Sein kaufmännischer Überschlag ergab jedoch, dass der finanzielle Ausgleich noch nicht annähernd herbeigeführt war. Folglich der Gang in die Gaststube. Hier nahm er den verdutzten bis erschrockenen Gästen – Augenzeugen berichten von ca. 20 – die Fleischstücke vom Teller, schmiss sie in eine Kiste und eilte von dannen.

Zurück blieben ein erstauntes, auf nunmehr vegetarische Kost umgestiegenes Publikum und ein verdatterter Gastwirt.

Bei dem Fleisch auf den Tellern der Gäste wird es natürlich interessant. Wem gehörten Schnitzel oder Steak? Welche Ansprüche haben die Gäste gegen den Lieferanten und gegen den Wirt? Hat sich der Lieferant womöglich strafbar gemacht?

Jurastudenten werden dies sicherlich bald in Klausuren beantworten dürfen.

Karlsruhe stärkt Meinungsfreiheit

Eine Äußerung ist nicht schon deshalb unzulässig, weil das Persönlichkeitsrecht des Betroffenen das öffentliche Interesse an der Äußerung bzw. Berichterstattung überwiegt. Diese eingefahrene Betrachtung einiger Pressekammern in Deutschland hält das Bundesverfassungsgericht für unzulässig.

In einer heute veröffentlichten Entscheidung stellen die Verfassungsrichter klar, dass die Meinungsfreiheit nicht an ein öffentliches Interesse geknüpft ist:

Vielmehr gewährleistet das Grundrecht aus Art. 5 Abs. 1 GG primär die Selbstbestimmung des einzelnen Grundrechtsträgers über die Entfaltung seiner Persönlichkeit in der Kommunikation mit anderen.

Wer sich über einen Dritten äußert, muss also nicht erst fragen, ob ein öffentliches Interesse an der Aussage besteht. Vielmehr ist es Teil seines Persönlichkeitsrechts, mit anderen über ihn interessierende Themen zu kommunizieren.
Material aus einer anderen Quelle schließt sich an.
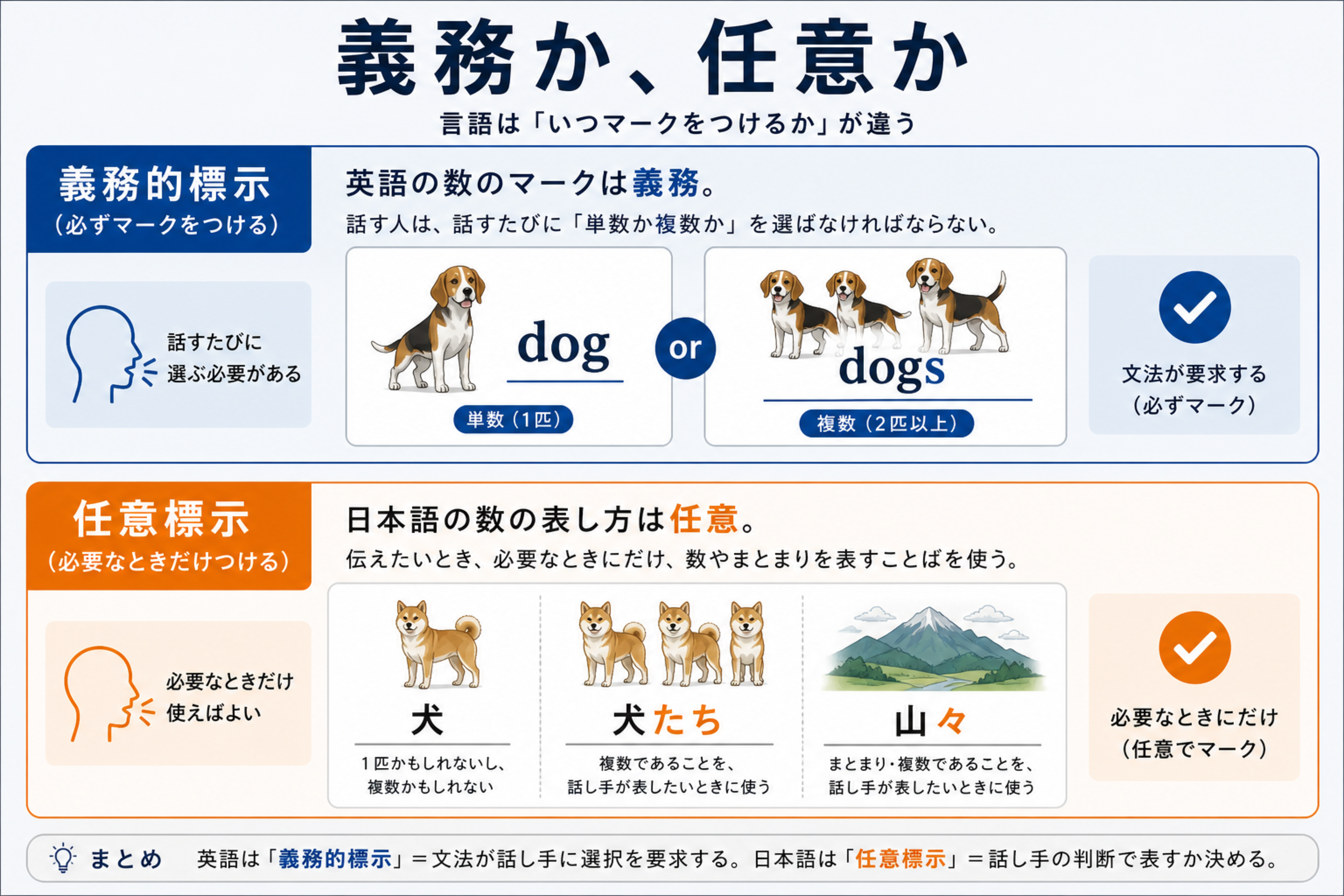 義務的標示の英語と任意標示の日本語を対比する図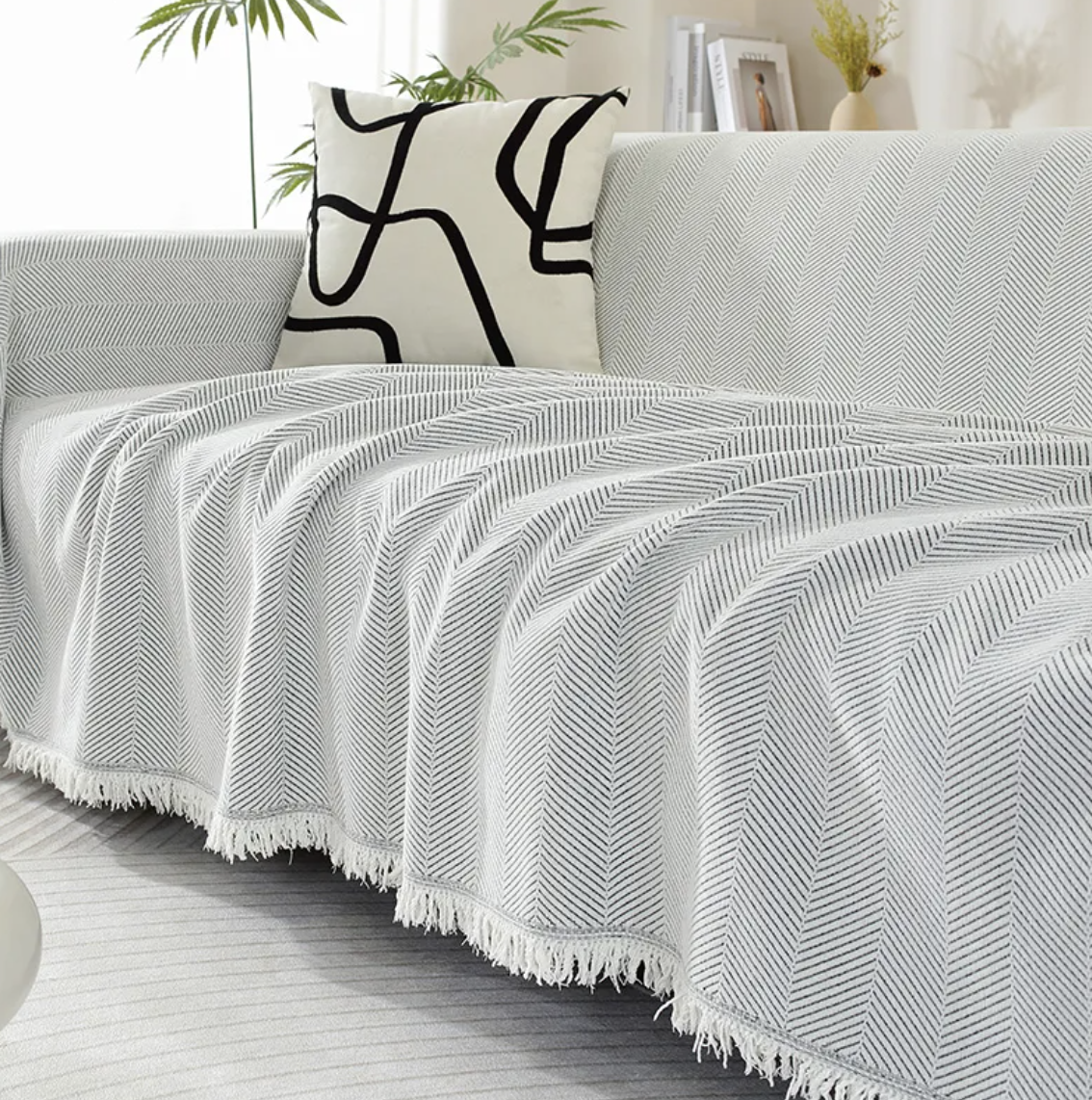 Élégant Jeté de Canapé en Chenille à Franges
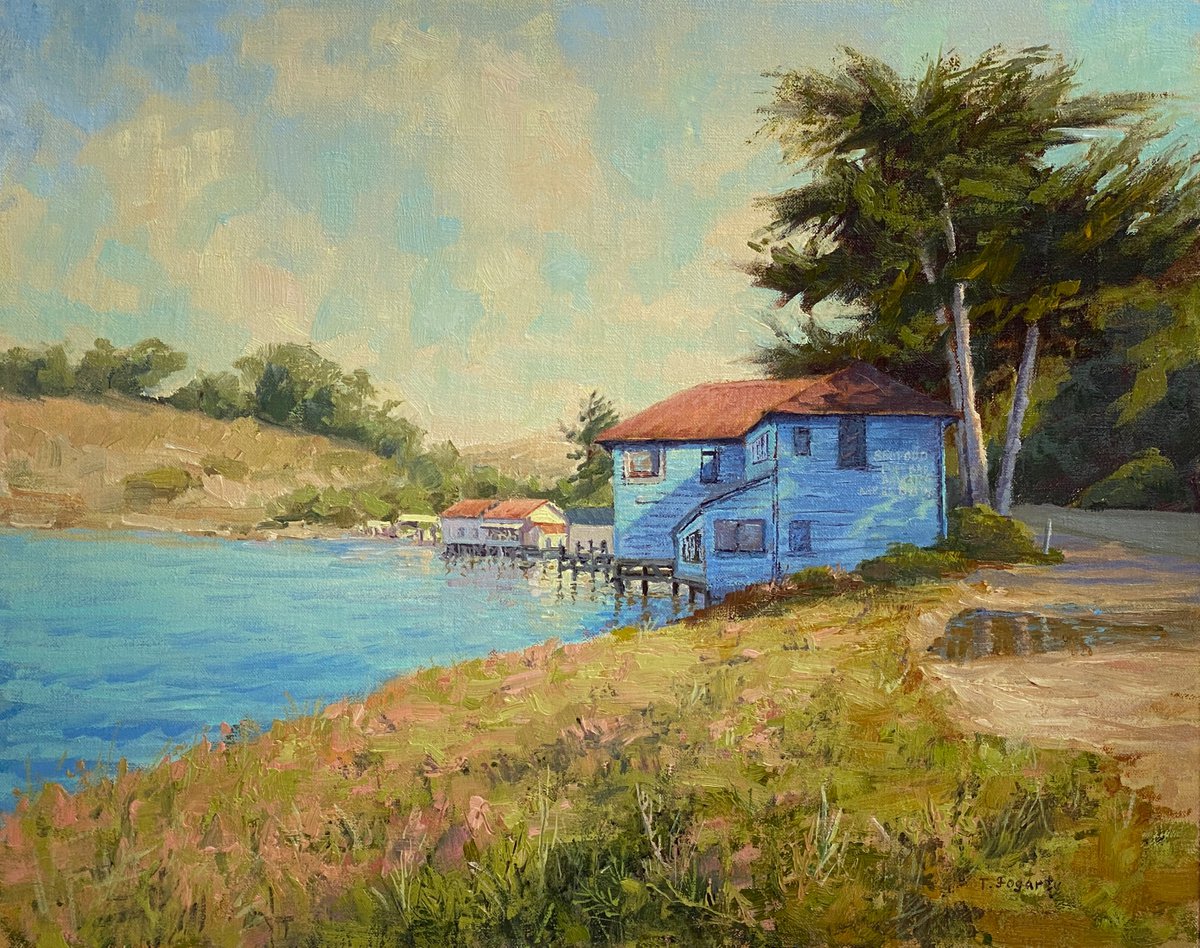 Impressionistic Landscape Oil Painting By Tatyana Fogarty, 20 X 16", Seafood Shack Tomales Bay, Original Artwork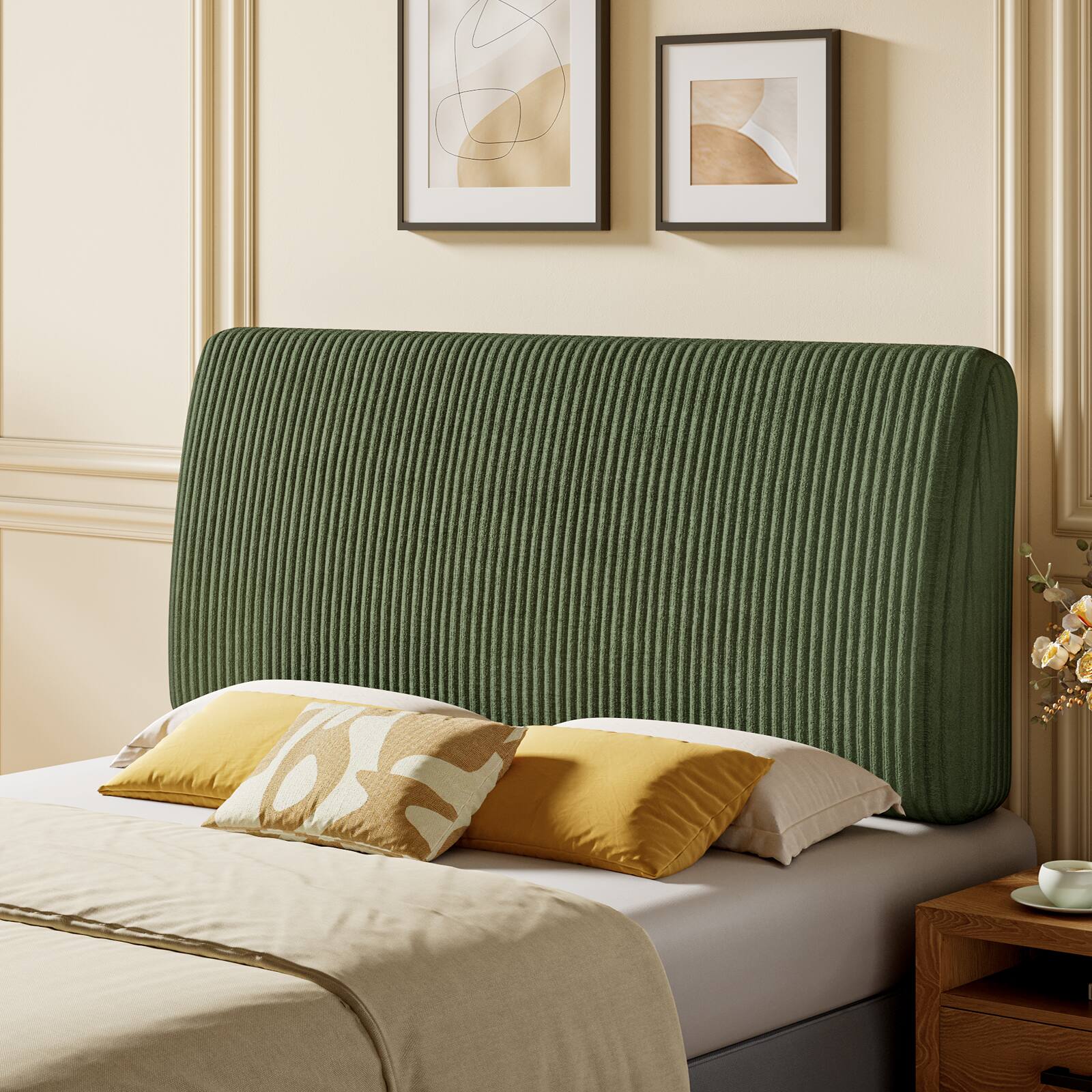 Left. Pinmoco - 6.3“ Thickness Upholstered Headboard Ergonomic Design Headboard - Green.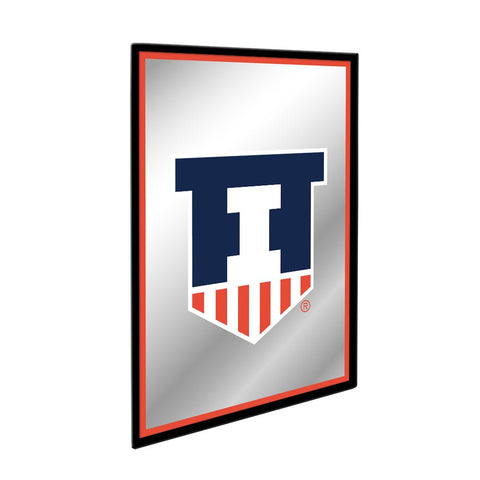 Illinois Fighting Illini: Badge - Framed Mirrored Wall Sign - The Fan-Brand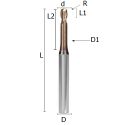 Picture of Ball nosed end mill reinforced solid carbide coated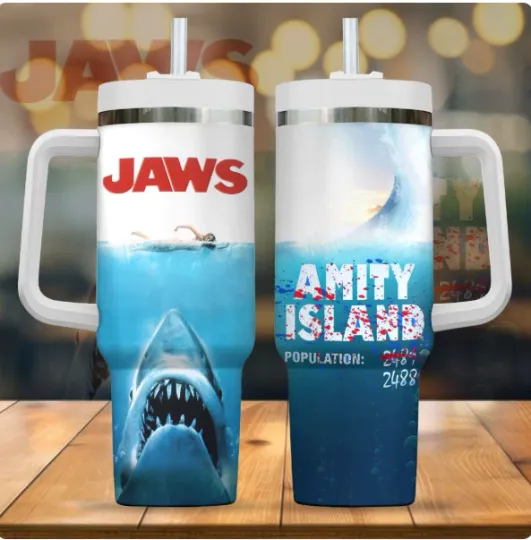 Jaws Movies Custom Cup 40 oz Tumbler With Handle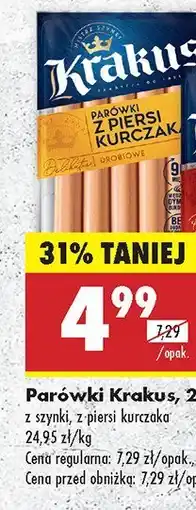 Biedronka Parówki Krakus z piersi kurczaka oferta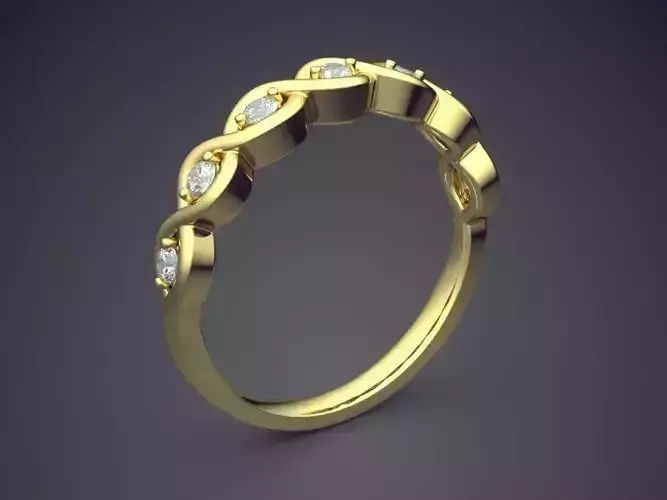 Ring With Diamonds CAD-496 3D print model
Das öffentliche Interesse am Thema kann, so das Bundesverfassungsgericht, das Recht auf Meinungsäußerung lediglich verstärken. Die Äußerung wahrer Tatsachen, zumal solcher aus dem Bereich der Sozialsphäre, müsse regelmäßig hingenommen werden.

Daran werden einige Gerichte zu knabbern haben.